Al Qaida di Semenanjung Arab (AQAP) mengklaim bertanggung jawab atas pemboman itu sebagai bagian dari operasi mereka yang terus berlanjut untuk memerangi pemerintah, lapor Reuters.

"Lima terdakwa dipastikan mengambil bagian dalam serangan bunuh diri itu," kata hakim ketua Hilal Hamed Mahfal, yang membacakan putusan pengadilan.

Ia membebaskan tiga terdakwa dan melepaskan tiga orang lagi karena hukuman mereka sudah dijalani, namun mereka tetap dalam pengawasan polisi selama setahun.

Hakim tersebut juga memerintahkan penyelidikan terhadap tiga mantan pejabat keamanan senior, termasuk keponakan mantan Presiden Ali Abdullah Saleh, karena gagal melindungi prajurit-prajurit itu.

Bulan lalu, pengadilan Yaman menghukum tiga militan Al Qaida antara satu dan tujuh tahun penjara karena berencana membunuh Presiden Abdrabuh Mansur Hadi dan duta besar AS.

Puluhan aparat keamanan dan militer dibunuh dalam dua tahun terakhir di Yaman, banyak diantaranya akibat ledakan bom yang dipasang di mobil mereka atau ditembak oleh penyerang berkendaraan, yang sering dituduhkan pada Al Qaida Yaman dan sekutunya.

Militan Al Qaida memperkuat keberadaan mereka di kawasan tersebut, dengan memanfaatkan melemahnya pemerintah pusat akibat pemberontakan anti-pemerintah yang meletus pada Januari 2011 yang akhirnya melengserkan Presiden Ali Abdullah Saleh.

Ofensif pasukan Yaman yang diluncurkan pada Mei 2011 berhasil menghalau militan Al Qaida dari sejumlah kota dan desa di wilayah selatan dan timur yang selama lebih dari setahun mereka kuasai.

Meski melemah, jaringan teror itu masih bisa melancarkan serangan-serangan terhadap sasaran militer dan polisi.
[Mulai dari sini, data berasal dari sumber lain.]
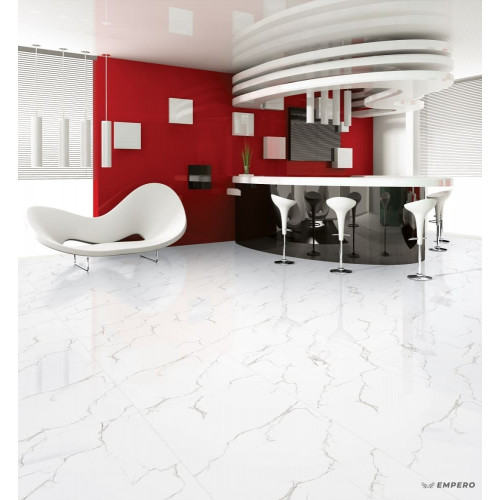 Коллекция Amira Statuario White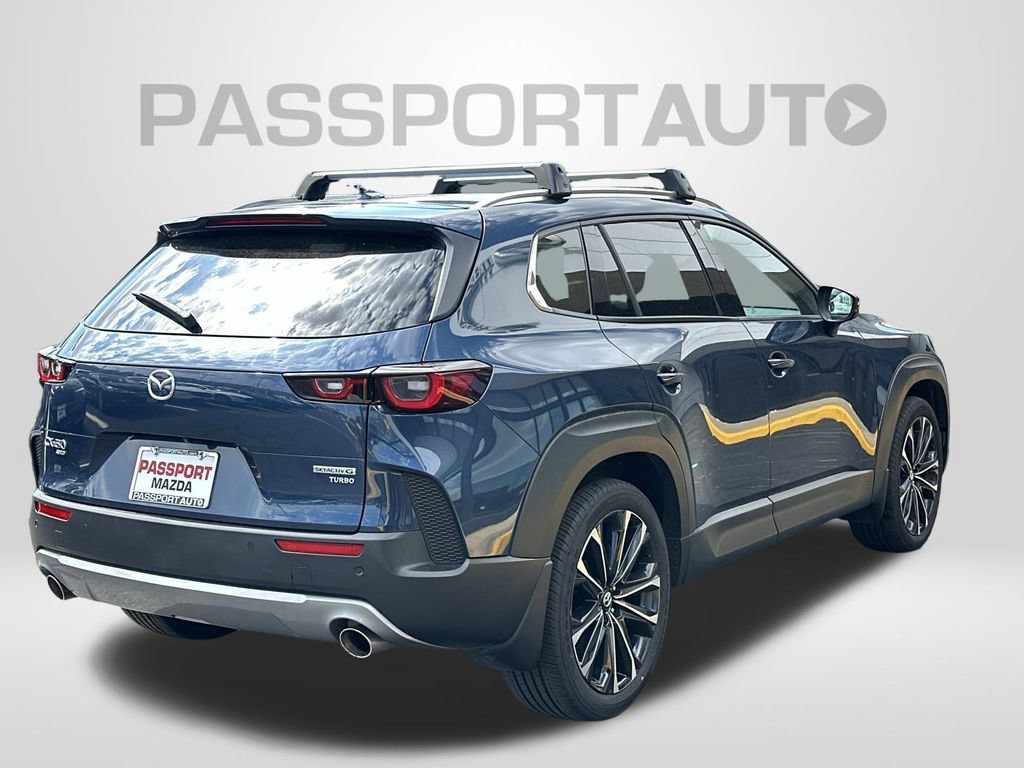 Certified 2025 MAZDA CX-50 2.5 Turbo w/ Premium Plus Pkg AWD/4WD image 5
Yaman adalah negara leluhur almarhum pemimpin Al Qaida Osama bin Laden dan hingga kini masih menghadapi kekerasan separatis di wilayah utara dan selatan.

Yaman Utara dan Yaman Selatan secara resmi bersatu membentuk Republik Yaman pada 1990 namun banyak pihak di wilayah selatan, yang menjadi tempat sebagian besar minyak Yaman, mengatakan bahwa orang utara menggunakan penyatuan itu untuk menguasai sumber-sumber alam dan mendiskriminasi mereka.

Negara-negara Barat, khususnya AS, semakin khawatir atas ancaman ekstrimisme di Yaman, termasuk kegiatan Al Qaida di Semenanjung Arab (AQAP).

AS ingin presiden baru Yaman, yang berkuasa setelah protes terhadap pendahulunya membuat militer negara itu terpecah menjadi kelompok-kelompok yang bertikai, menyatukan angkatan bersenjata dan menggunakan mereka untuk memerangi kelompok militan itu.

Militan melancarkan gelombang serangan sejak mantan Presiden Ali Abdullah Saleh pada Februari 2012 menyerahkan kekuasaan kepada wakilnya, Abd-Rabbu Mansour Hadi, yang telah berjanji menumpas Al Qaida.